Ao mesmo tempo, enquanto a abundância de representatividade ocorria na TV, as reivindicações da comunidade LGBT se tornaram outras: contar histórias queer não seria o bastante, mas conta-las bem seria uma responsabilidade na qual a comunidade estaria de olho. Não faltou crítica quando The 100 expôs uma tendência extremamente desproporcional das séries de TV matarem suas personagens lésbicas – especialmente sem desenvolvê-las como o mesmo respeito e consideração que dispensavam aos personagens heterossexuais. De Lexa (The 100) à Mimi (Empire), o ano criou mártires da representatividade por todo o canto na época da Peak TV.
Como grande espelho da representatividade LGBT no momento, a TV não exatamente decepcionou, mas se manteve firmemente sobre o olhar vigilante da comunidade.
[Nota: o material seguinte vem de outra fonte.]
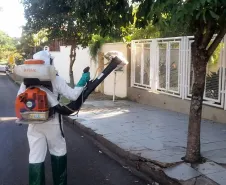 Aplicação de pesticida em área com possível caso de dengue, na zona urbana de Ivaiporã.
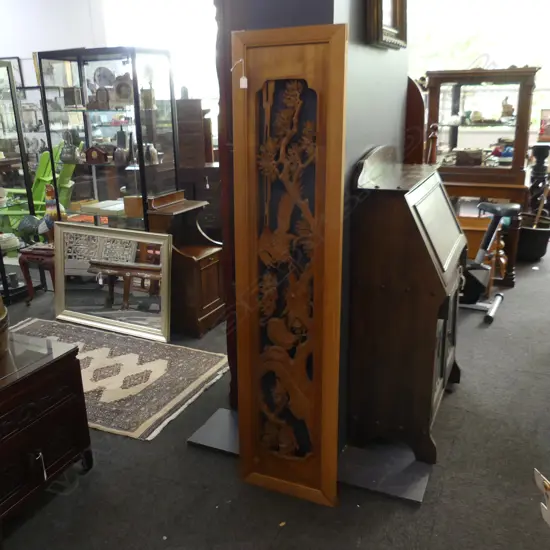 CEDAR CARVED PANEL HERONS IN A POND, PINE AND MIST W171CM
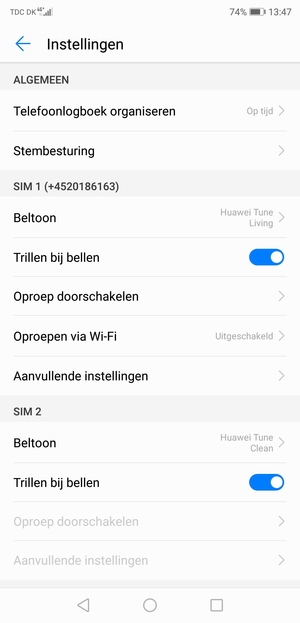 Scroll naar SIM 1 of SIM 2 en selecteer Aanvullende instellingen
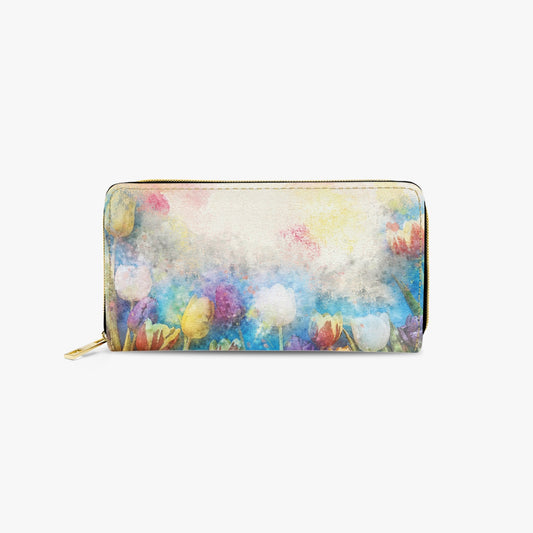 Long Type Zipper Purse - Floral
Isso porque o cinema continua vergonhosamente atrás nesse sentido, sem personagens gays em grandes filmes de verão, visto que os estúdios tem medo do “efeito China” na bilheteria. Um herói LGBT ainda é um grande tabu na ficção cinematográfica mainstream – o que faz com que a comunidade se volte para filmes de produção e distribuição independente, que nem sempre seguem o caminho esperado para o sucesso. Futuros Rocky Horror Picture Show’s, por assim dizer – por falar nisso, o clássico ganhou adaptação para a TV com Laverne Cox no papel principal.
Resistência é a chave
Através da minha rápida e dispersa recapitulação, portanto, é fácil perceber que o ano para a representação LGBT no entretenimento não foi tão ruim quanto o ano para a representação LGBT em canais governamentais. O progresso lento e instável é o que a comunidade se condicionou a esperar nas últimas décadas, e o baque de um governo de direita nos EUA e no Brasil pode criar um problema em relação a essa lenta evolução, mas isso é papo para 2017 – desde que fiquemos de olho a partir de agora.
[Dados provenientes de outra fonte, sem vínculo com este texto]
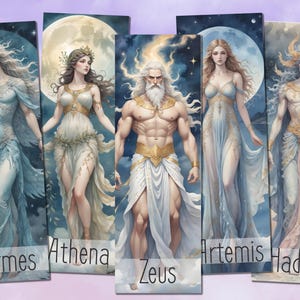 Conjunto de marcadores de dioses griegos - 5 marcadores imprimibles Mitología griega - Paquete de collage digital - Tamaño carta de EE. UU./A4 - Descarga instantánea de dioses de las diosas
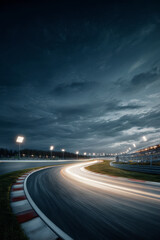 Obraz premium Night speedway: streaks of light trace the path as vehicles race beneath a dramatic, cloudy sky.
Em todos os sentidos, essa é a palavra e a ação necessária – ficar de olho. Se o ano de 2016 nos ensinou alguma coisa, é que progresso não significa perfeição, e que a exigência, respeitabilidade e inteligência de organizações que olham pelos nossos direitos e devem também ser vigiadas por agentes independentes dela. As storylines com pessoas transexuais e personagens lésbicas e gays melhoraram após toda indignação em torno da morte de Lexa, e assistimos algumas séries abraçarem seus personagens LGBT com mais entusiasmo após perceberem que poderiam perder o favor de seu público com um estalar de dedos.
Séries como Faking It e Mistresses, pouco vistas, entraram em contado com a GLAAD Media para criar suas histórias envolvendo personagens transexuais, e isso é exemplar. Buscar roteiristas e conselheiros de dentro da comunidade é uma lição que até o cinema voltado para essa temática precisa aprender – há um motivo pelo qual gostamos e celebramos mais Tangerine e Weekend do que A Garota Dinamarquesa e Amor por Direito. As coisas funcionam melhor quando uma voz da razão, de dentro da comunidade, age junto com escritores e profissionais de fora dela.
Em uma época de Donald Trump presidente dos EUA e homofobia correndo solta em uma das cidades mais LGBT do mundo (Orlando) – em um ano em que uma das maiores lendas LGBT da história nos deixou antes mesmo de completarmos um mês de 2016, vigilância é a palavra chave. Estamos ainda no primeiro quarto do século XXI, e décadas de luta nos trouxeram aqui, o que só significa que muitas décadas ainda estão pela frente. Exigir e recompensar diversidade com qualidade é essencial para montarmos um ambiente amigável para histórias LGBT em Hollywood, um ramo de indústria que influencia e dirige tantas discussões sociais que afetam situações muito reais, para muito além das telas.
Em suma: 2016 pode ter acabado (e já vai tarde), mas a luta ainda não.